[[ DATA SUPPLIED open ]]

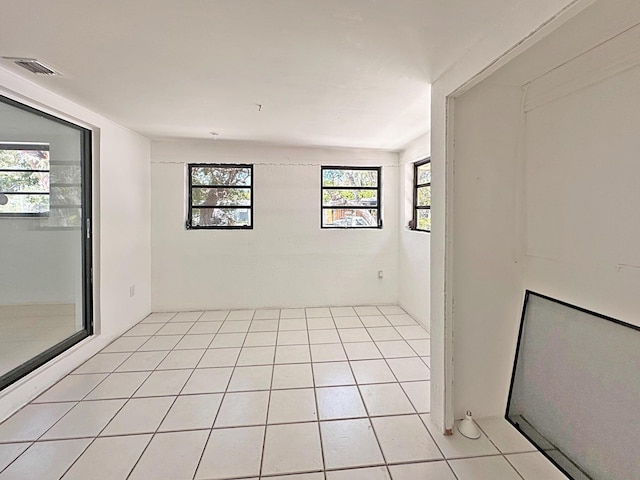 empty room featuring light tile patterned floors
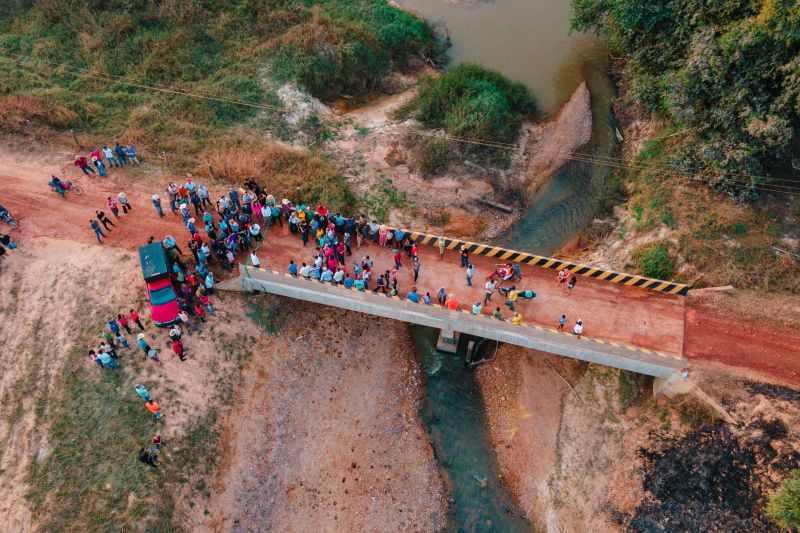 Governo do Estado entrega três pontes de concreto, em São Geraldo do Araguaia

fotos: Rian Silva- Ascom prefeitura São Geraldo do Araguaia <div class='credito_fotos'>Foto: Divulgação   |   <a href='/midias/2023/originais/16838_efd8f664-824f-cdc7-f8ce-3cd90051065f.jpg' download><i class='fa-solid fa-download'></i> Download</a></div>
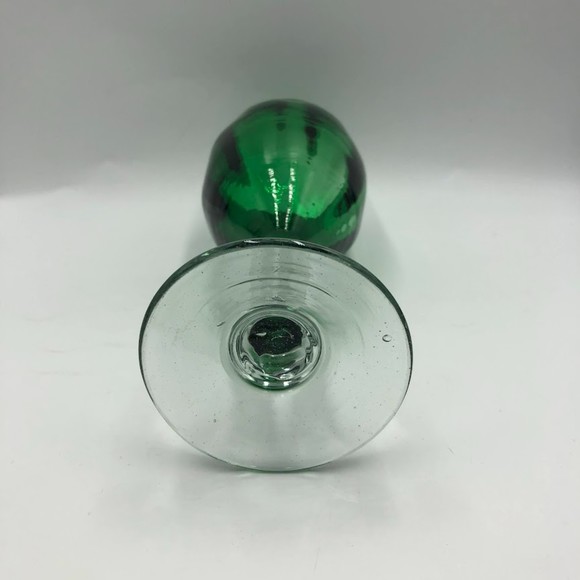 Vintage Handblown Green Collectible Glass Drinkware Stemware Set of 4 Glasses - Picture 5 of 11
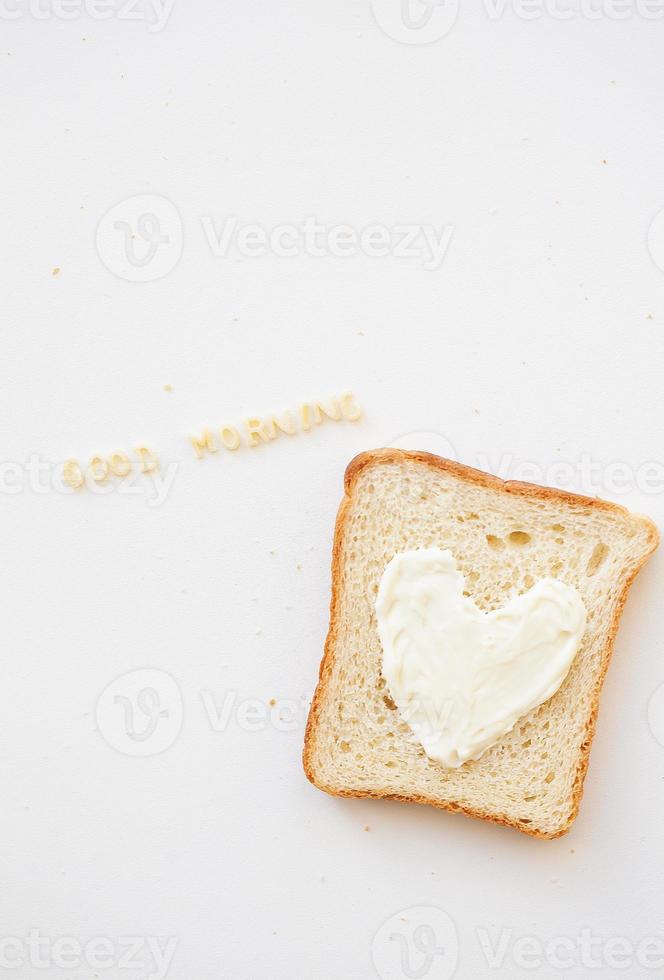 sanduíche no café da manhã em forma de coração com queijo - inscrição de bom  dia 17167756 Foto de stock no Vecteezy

[[ DATA SUPPLIED closed ]]
[[ DATA SUPPLIED open ]]

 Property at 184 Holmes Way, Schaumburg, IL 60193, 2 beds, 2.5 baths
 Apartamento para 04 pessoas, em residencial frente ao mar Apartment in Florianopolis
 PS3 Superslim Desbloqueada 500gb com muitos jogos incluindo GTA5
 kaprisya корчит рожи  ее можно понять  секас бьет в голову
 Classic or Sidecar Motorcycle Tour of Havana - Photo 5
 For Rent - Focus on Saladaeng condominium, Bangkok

[[ DATA SUPPLIED closed ]]

WORK TO COMPLETE >>
Extract from the material above the stretch running from the line containing "empty room featuring" through the line containing "sanduíche no café". Keep the text exact and the pictures out.

TASK SOLUTION >>
 empty room featuring light tile patterned floors
 Governo do Estado entrega três pontes de concreto, em São Geraldo do Araguaia

fotos: Rian Silva- Ascom prefeitura São Geraldo do Araguaia <div class='credito_fotos'>Foto: Divulgação   |   <a href='/midias/2023/originais/16838_efd8f664-824f-cdc7-f8ce-3cd90051065f.jpg' download><i class='fa-solid fa-download'></i> Download</a></div>
 Vintage Handblown Green Collectible Glass Drinkware Stemware Set of 4 Glasses - Picture 5 of 11
 sanduíche no café da manhã em forma de coração com queijo - inscrição de bom  dia 17167756 Foto de stock no Vecteezy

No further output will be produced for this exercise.